Hi,
I have been designing electronics for escape rooms for the past few years. My background is in CS, but I am happy that programming is only a part of my job now. My skills have been steadily advancing and I can design circuits and PCBs that are functional now without much effort.
My problem is not having classical training in EE I don't know the edge cases and weird problems that arise when someone that doesn't even know how to check continuity with a DMM gets a hold of my circuits. I would love to be able to have circuits that were robust against incorrect wiring and being attached to very long runs of wires. Also be able to read though datasheet easier and implement the reference designs while actually knowing what each thing is doing and have a better feeling for the equations that govern what I am doing.
I am getting better at all of this stuff, but mostly just putting together information from various informal sources online and trying not to let the magic smoke escape.
Can anyone recommend any books that would fit this description? Something above a 101 level, but not targeted at EE pros?
Thanks and please let me know if you need any clarification on what I am looking for.
The Art of Electronics is generally considered a good one.
Welcome to the forum Seph.b, do a search (Amazon, Google, etc) for Forrest Mims. Good beginner, but not necessarily newbie books.

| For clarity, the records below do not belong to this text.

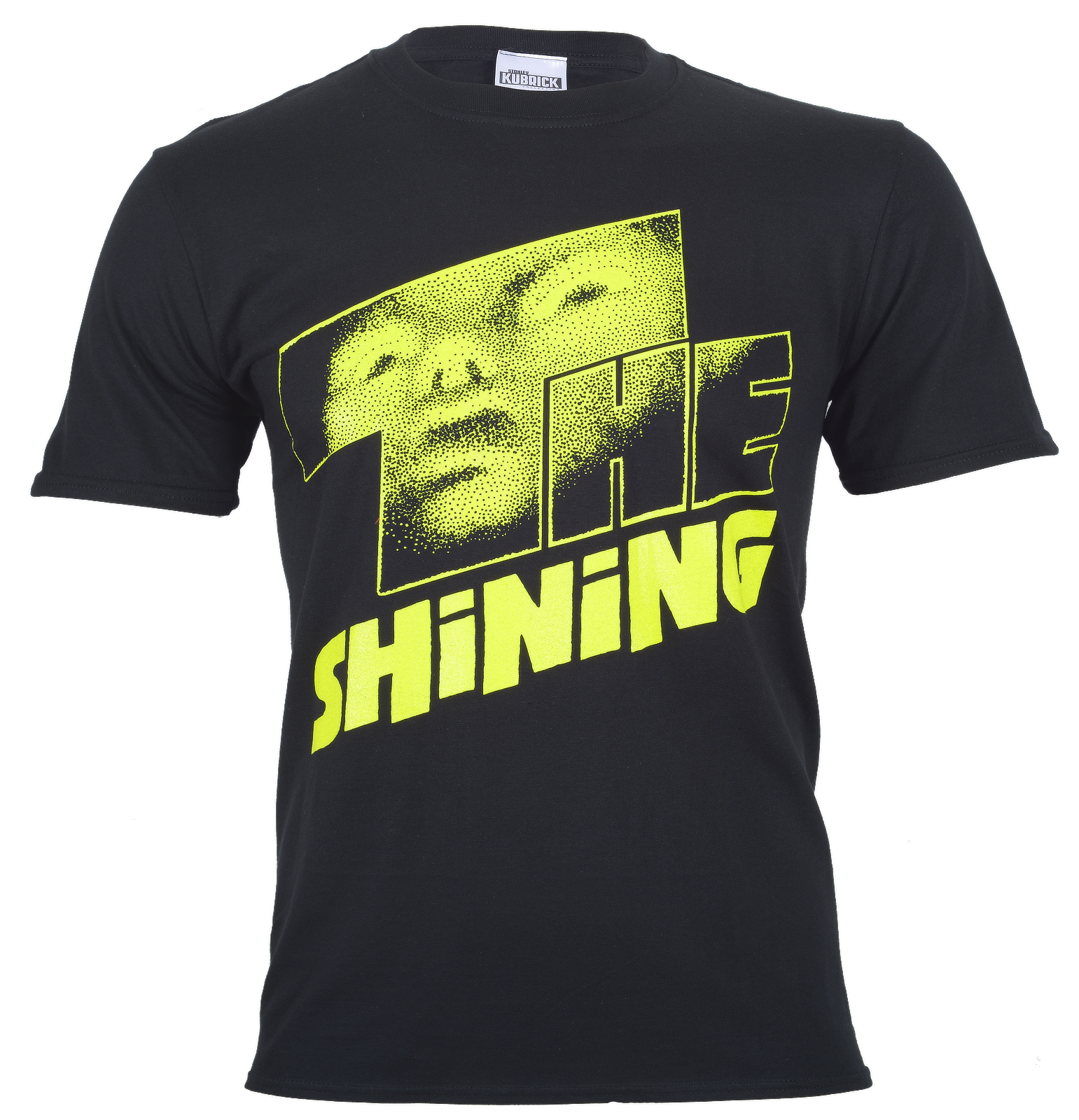 Official Stanley Kubrick Movie The Shining Yellow Logo on front of a black cotton t shirt 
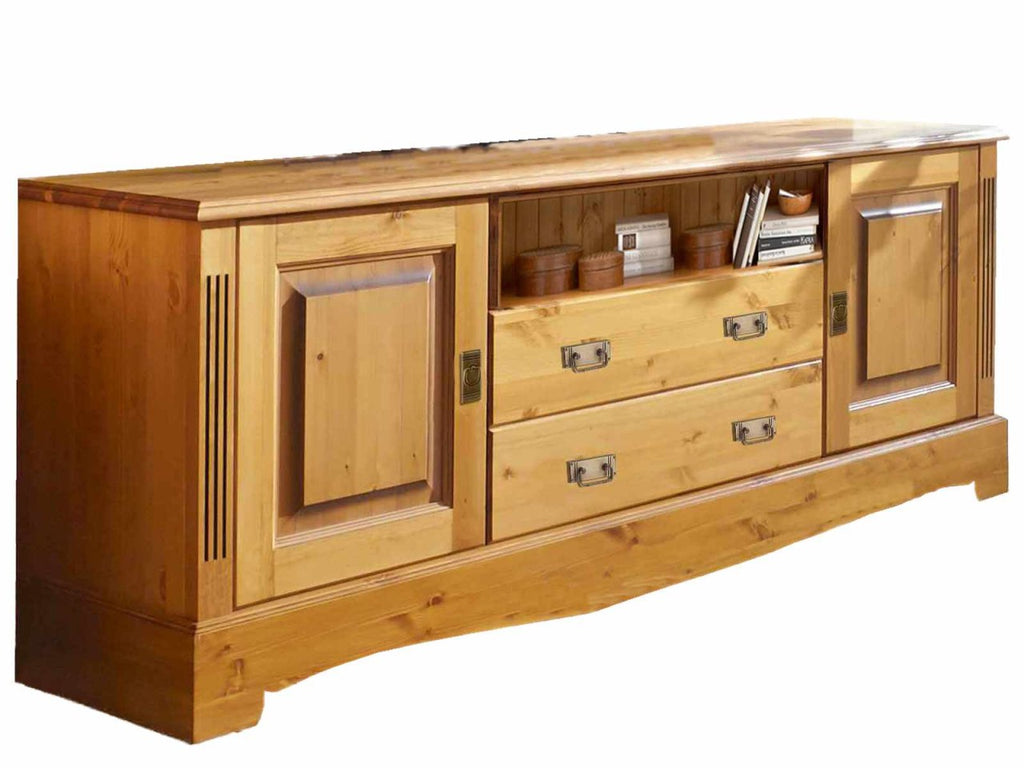 TV Lowboard Fernsehschrank Florenz 2 Türen 2 Schubladen 1 Fach Pinie Nordica massiv sierra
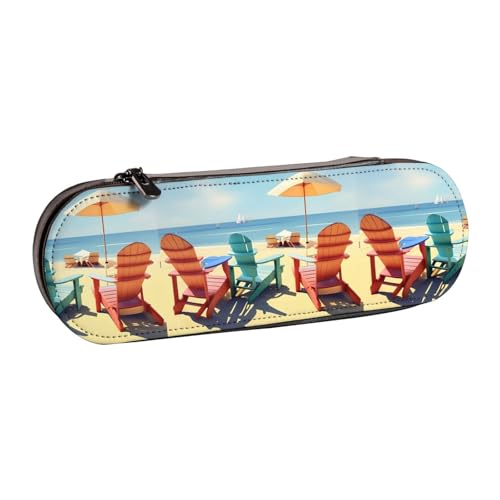 WURTON Federmäppchen aus Leder mit Strandkörben und Landschaftsaufdruck, Vintage, schickes, kompaktes Leder-Federmäppchen, Federmäppchen von WURTON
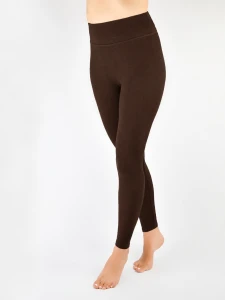 LE004-W-03 Legginsy wysoki stan i wąski pasek ciemny brąz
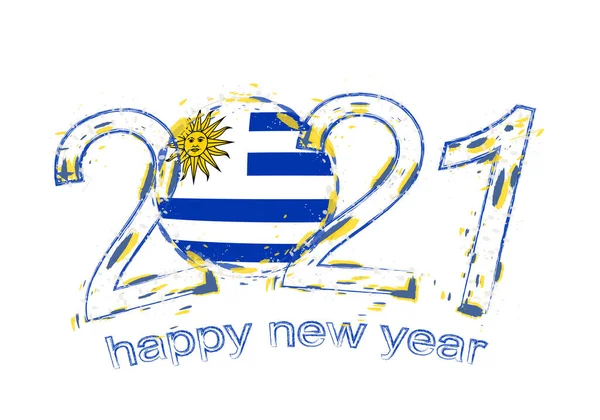 Šťastný Nový Rok 2021 Vlajkou Uruguaye Vektorová Ilustrace Svátečního Grunge — Stockový vektor
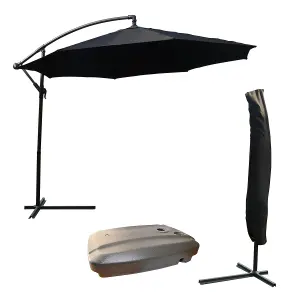 KCT Garden Parasol 3m Large Black Cantilever with Protective Cover and Base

I'd almost forgotten about those, I had the green Mims book when I was a kid, I got a lot of use out of that.
Thanks for the welcome
. I will look for both of those books.
This is also a good book,
Practical Electronics for Inventors (4th Edition 2016) by Paul Scherz, Simon Monk
This and the art of electronics and the googles is all you need to start
A very good textbook is "Electronic Principles" by Dr. Albert Malvino. I wouldn't spend the money for the latest edition though, being a textbook means it will be expensive. The older editions are fine and you can pick up a copy cheap.